* **Task instructions**
Print every line of the material below exactly as it stands, but omit the pictures.

* **Data below**
- - - - - - -

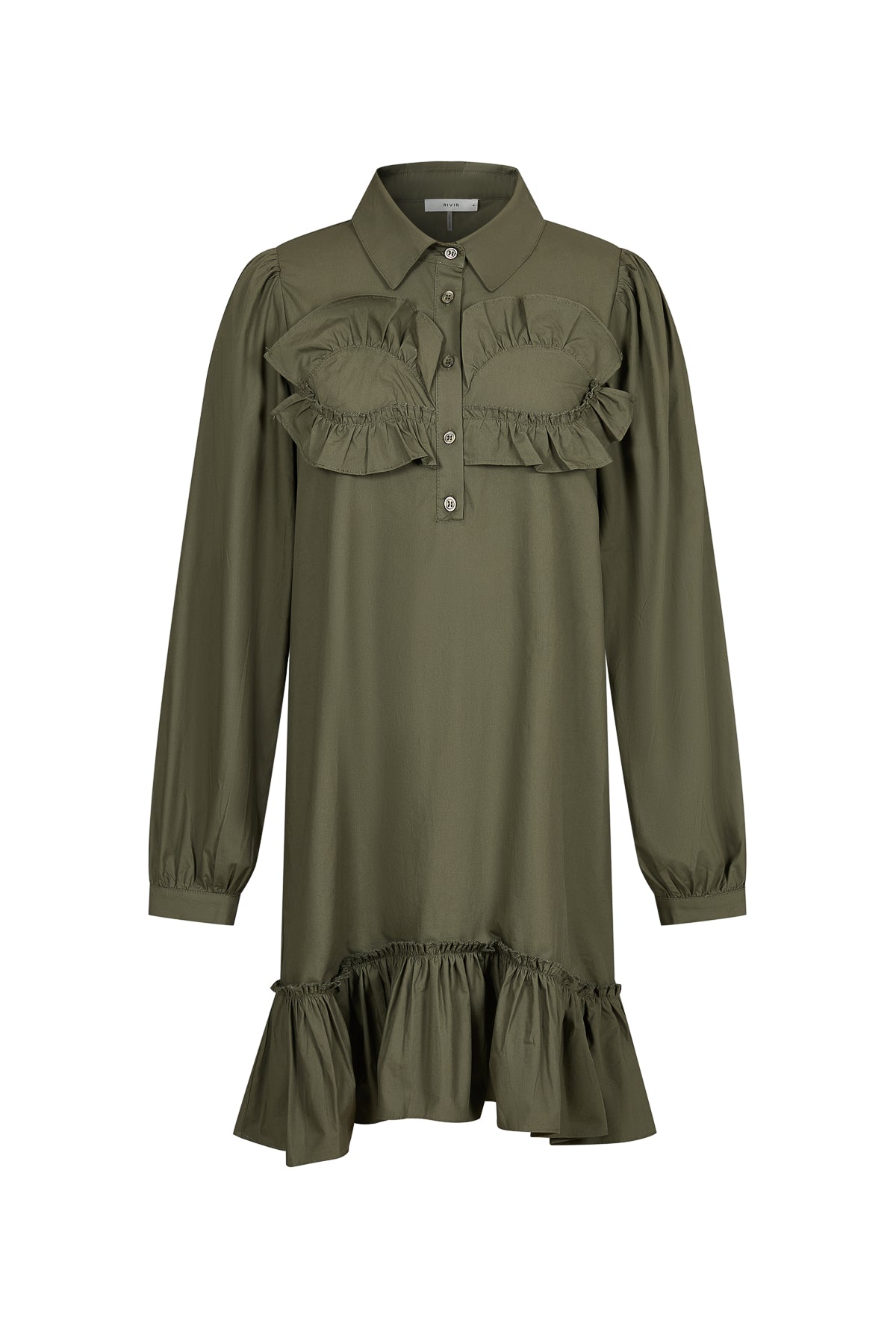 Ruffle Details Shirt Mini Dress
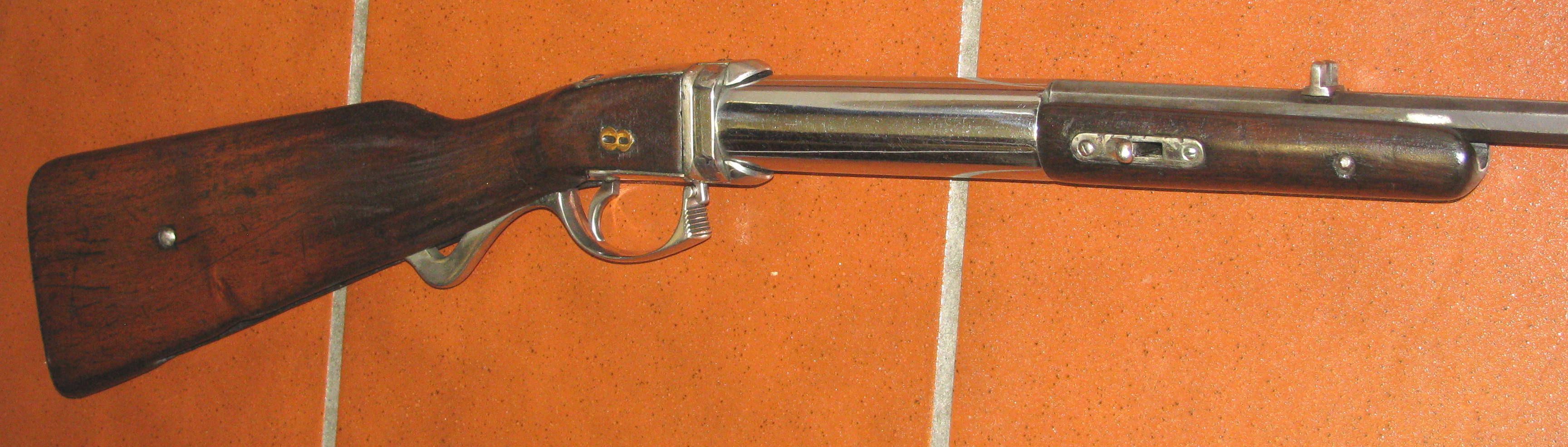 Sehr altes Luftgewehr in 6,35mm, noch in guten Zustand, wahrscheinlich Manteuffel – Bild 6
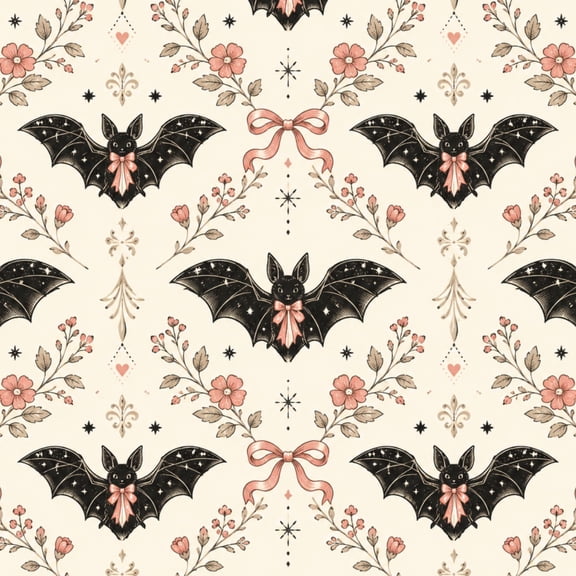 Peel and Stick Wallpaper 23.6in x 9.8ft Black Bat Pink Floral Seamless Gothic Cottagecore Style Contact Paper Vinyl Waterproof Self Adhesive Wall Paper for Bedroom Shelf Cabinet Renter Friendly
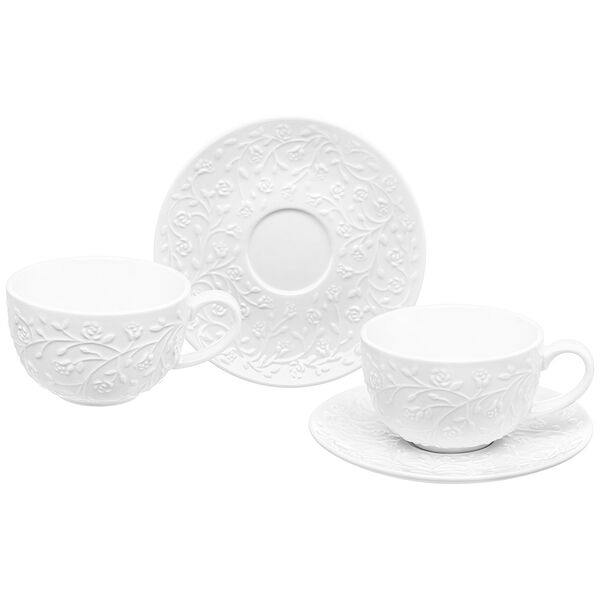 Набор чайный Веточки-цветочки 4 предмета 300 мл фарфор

- - - - - - -

* **Reply**
 Ruffle Details Shirt Mini Dress
 Sehr altes Luftgewehr in 6,35mm, noch in guten Zustand, wahrscheinlich Manteuffel – Bild 6
 Peel and Stick Wallpaper 23.6in x 9.8ft Black Bat Pink Floral Seamless Gothic Cottagecore Style Contact Paper Vinyl Waterproof Self Adhesive Wall Paper for Bedroom Shelf Cabinet Renter Friendly
 Набор чайный Веточки-цветочки 4 предмета 300 мл фарфор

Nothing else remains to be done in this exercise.